Entries taken from a collection:
┄┄┄┄┄┄┄┄┄┄┄┄┄┄┄┄┄┄┄┄

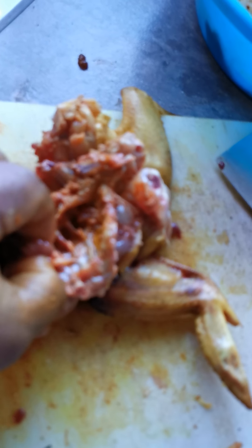Where the backbone and ribs are, reach inside through there and pull them all out. All right, we'll start with the cooking next.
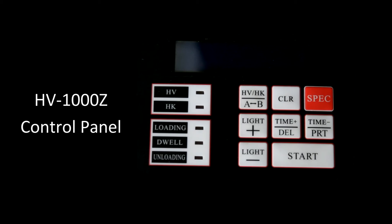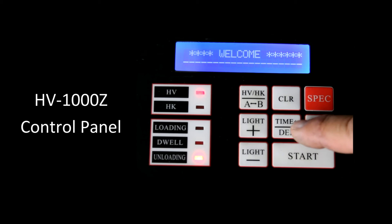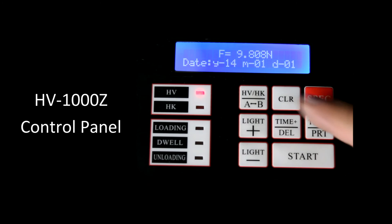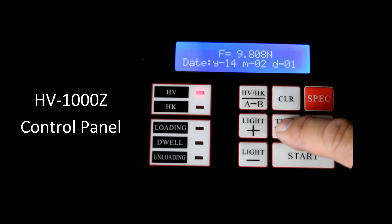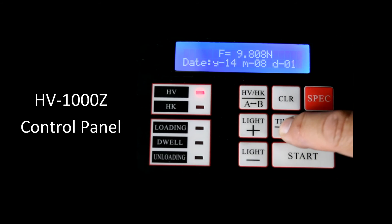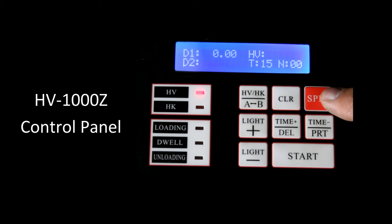The HV1000Z control panel. When we first turn the instrument on, we'll get a welcome screen. As soon as that changes to the date, we want to start changing the date before we lose that screen. We change the year, then hit spec time to go to month and change it to the present month. Same thing with date, then press the spec button to get out of that field.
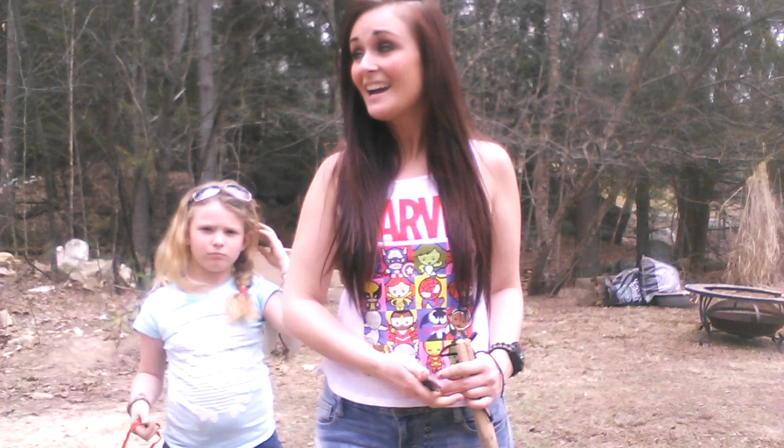Ava here. I'm outside testing out some of my knives and I wanted to make a quick video for you guys. It was beautiful all day today — the sun was out and it's been really warm, so I've been outside all day testing out my knives and stuff — but it looks like the sun has disappeared and there's some storm clouds rolling in, so I guess I'll have to make this video kind of short and sweet.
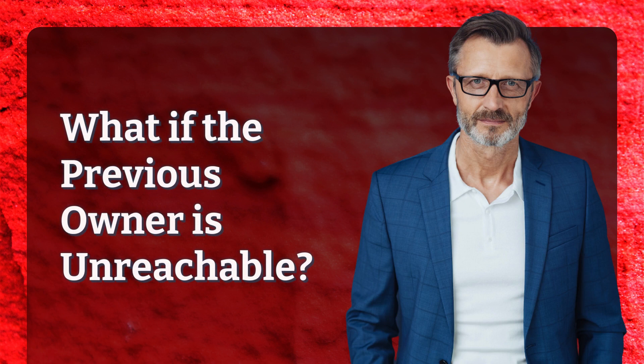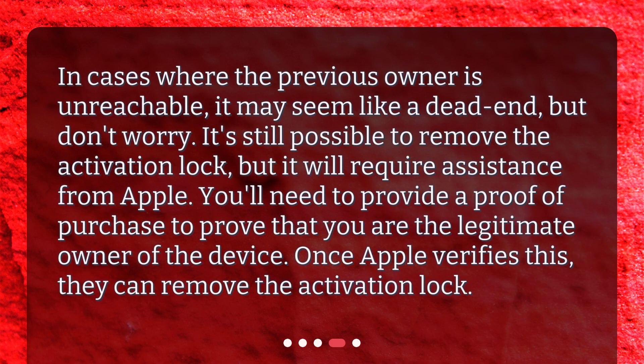What if the previous owner is unreachable? In cases where the previous owner is unreachable, it may seem like a dead end, but don't worry. It's still possible to remove the activation lock, but it will require assistance from Apple. You'll need to provide proof of purchase to prove that you are the legitimate owner of the device. Once Apple verifies this, they can remove the activation lock.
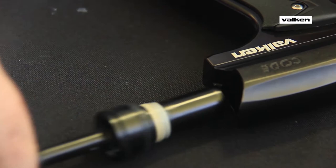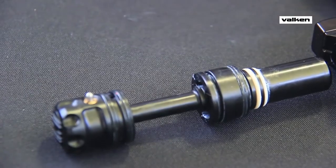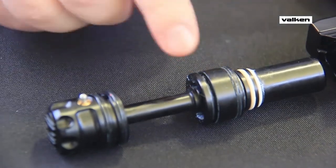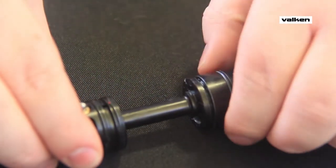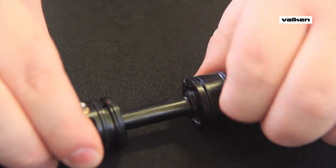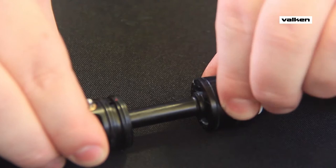This is easy to fix. Just degas the marker and remove the drive engine. Now look for a gap between the front can and the back assembly. This distance is the culprit — it's too long to lock. The parts are threaded together and probably became loose when the drive engine was last serviced.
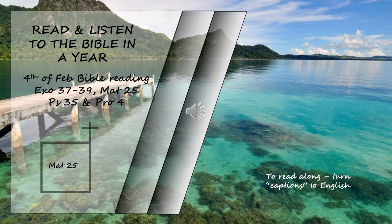After a long time, the master of those servants returned and settled accounts with them. The man who had received five bags of gold brought the other five. 'Master,' he said, 'you entrusted me with five bags of gold. See, I have gained five more.' His master replied, 'Well done, good and faithful servant! You have been faithful with a few things; I will put you in charge of many things. Come and share your master's happiness.'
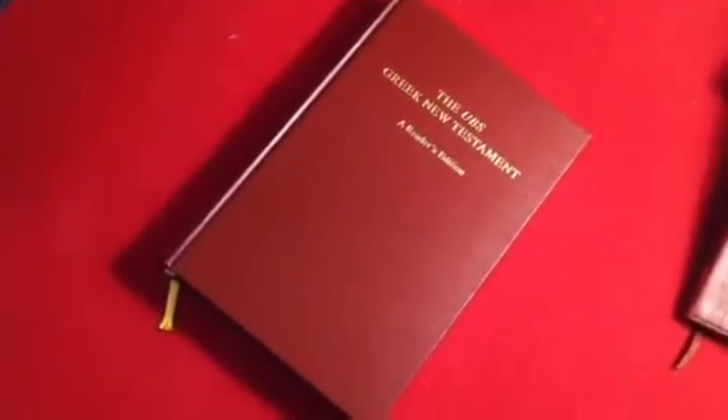And then this I just actually got in today. It's the UBS Greek New Testament — it's the Nestle-Aland Reader's Edition. It is also hardback. I think it's $30 on Amazon or ChristianBook.com. It's put out by Hendrickson. It's kind of like a faux grain on the hardback — I actually like it a lot. Another Smyth-sewn binding. Very well done.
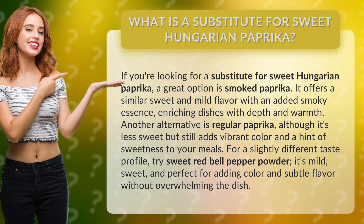Another alternative is regular paprika — although it's less sweet, it still adds vibrant color and a hint of sweetness to your meals. For a slightly different taste profile, try sweet red bell pepper powder. It's mild, sweet, and perfect for adding color and subtle flavor without overwhelming the dish.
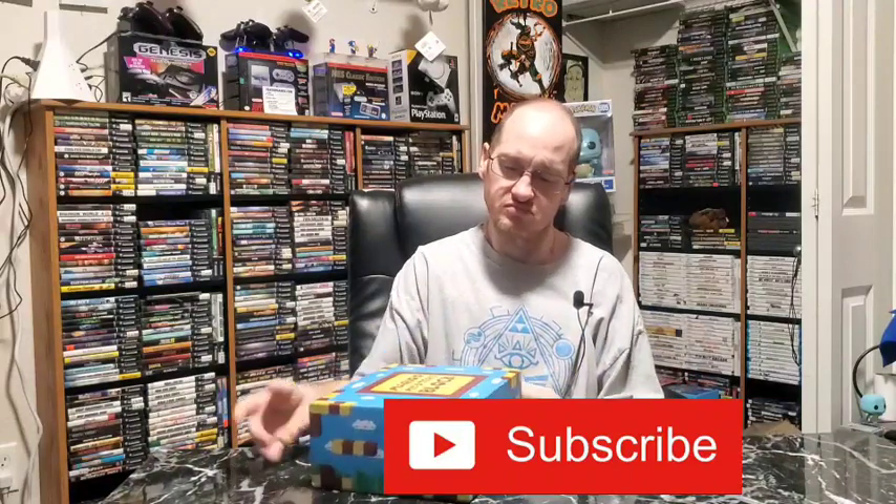Hey guys, what's up! It's that time of the month again — it's time for Mario's Mystery Block. This one actually came about a week early and I got no notifications, it just showed up. I was like, alright, let's get this open and you guys can see just like I can what's in it. This is a subscription service I get once a month; I think it costs $25 with shipping, so it's not bad. Some months have been better than others, but let's see what we got in this month's box.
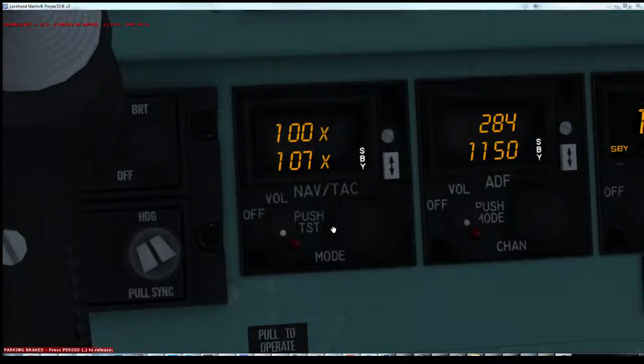Rotating the outer knob will increase the tens number by one, depending on which direction you're rotating it — use your middle mouse for this. Rotating the inner knob will change the ones value. Right clicking on the inner knob and rotating will change it between X-Ray and Yankee. Left clicking will now be back in, allowing you to change ones again.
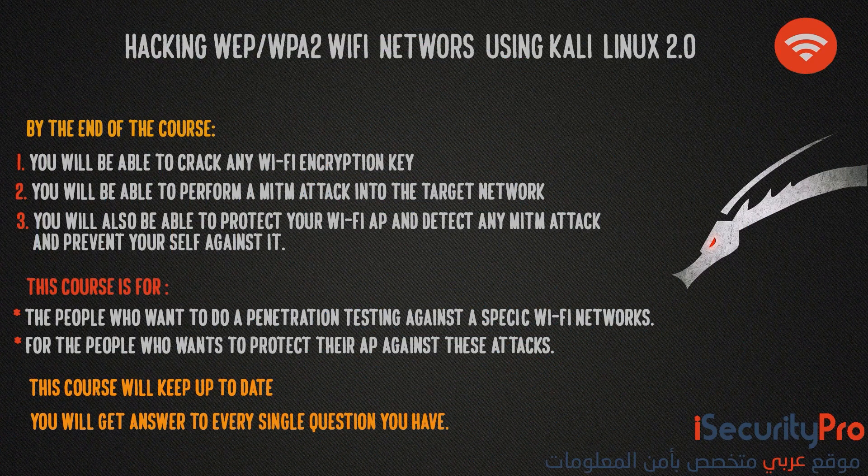Hello and welcome to my wifi hacking course. My name is Saad, I am an ethical hacker and I am going to be your instructor for this course. I have 4 years experience in ethical hacking and I worked with many companies to pentest and secure their networks against any attack.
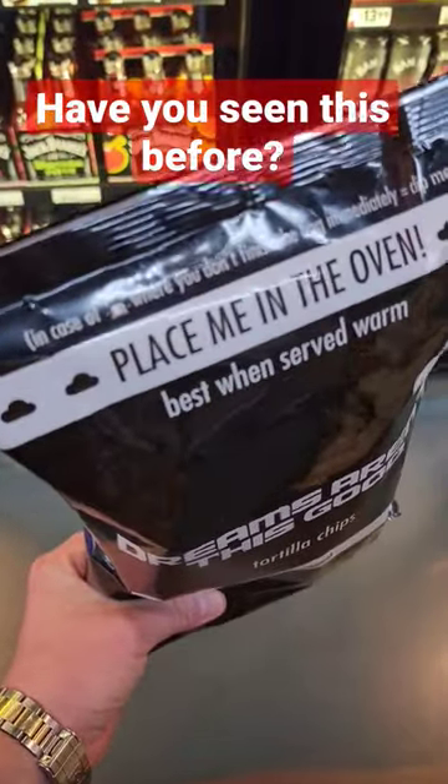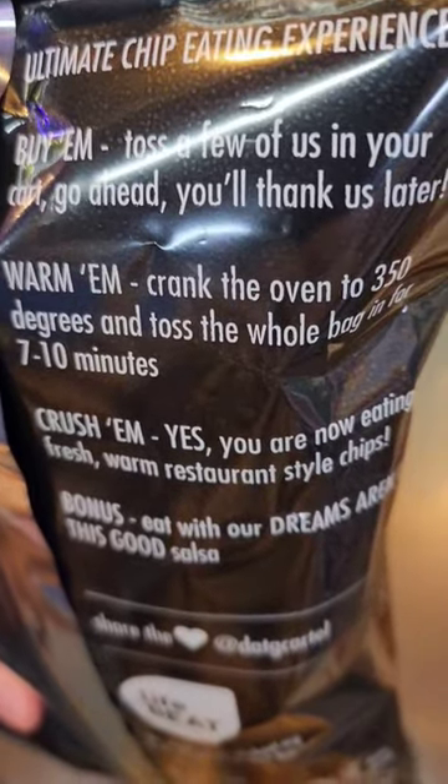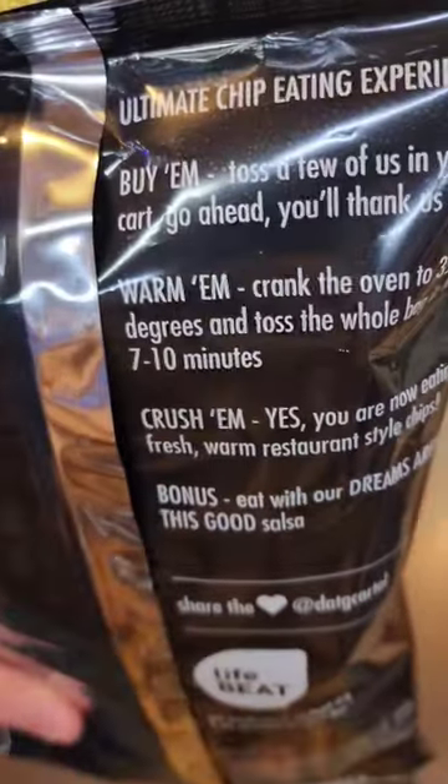So this bag of tortilla chips says, place me in the oven — and they don't mean just put the chips in the oven, they mean take the whole bag and put it in the oven. See, there's instructions. It says crank the oven to about 350 and put the whole bag in there for 7 to 10 minutes.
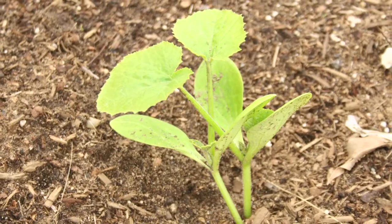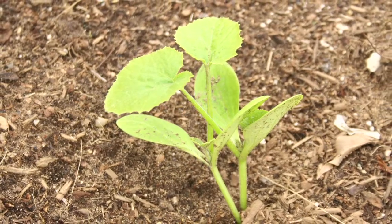If you follow the directions I've given you, you will have a good crop of zucchini — plenty for you and your neighbors.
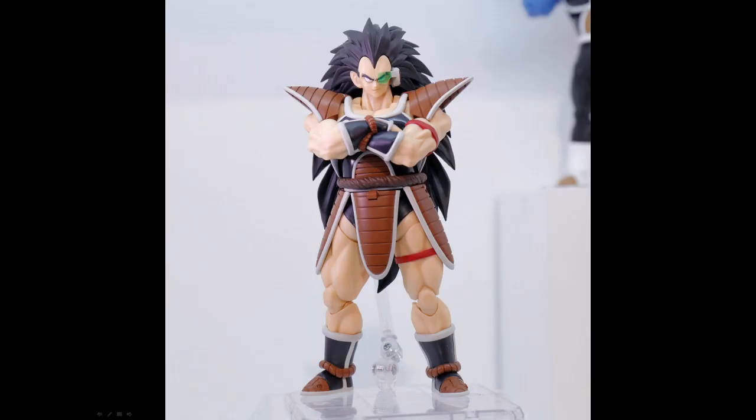Next one is Raditz, who they've got posed quite strangely. Don't know why his shoulder plates are in such a weird position, but Raditz does look good. Don't know if I'll pick him up — well, the next release kind of makes it so I have to get all three of them. Raditz does look good; hopefully his hair doesn't weigh him down. Quite well done, no reuse as far as I can tell.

┄┄┄┄┄┄┄┄┄┄┄┄┄┄┄┄┄┄┄┄

YOUR INSTRUCTIONS: When you transcribe the entries above, begin at their first line, end with the line containing "The HV1000Z control", and copy each line exactly without any picture.

RESPONSE TO THE EXERCISE:
Where the backbone and ribs are, reach inside through there and pull them all out. All right, we'll start with the cooking next.
The HV1000Z control panel. When we first turn the instrument on, we'll get a welcome screen. As soon as that changes to the date, we want to start changing the date before we lose that screen. We change the year, then hit spec time to go to month and change it to the present month. Same thing with date, then press the spec button to get out of that field.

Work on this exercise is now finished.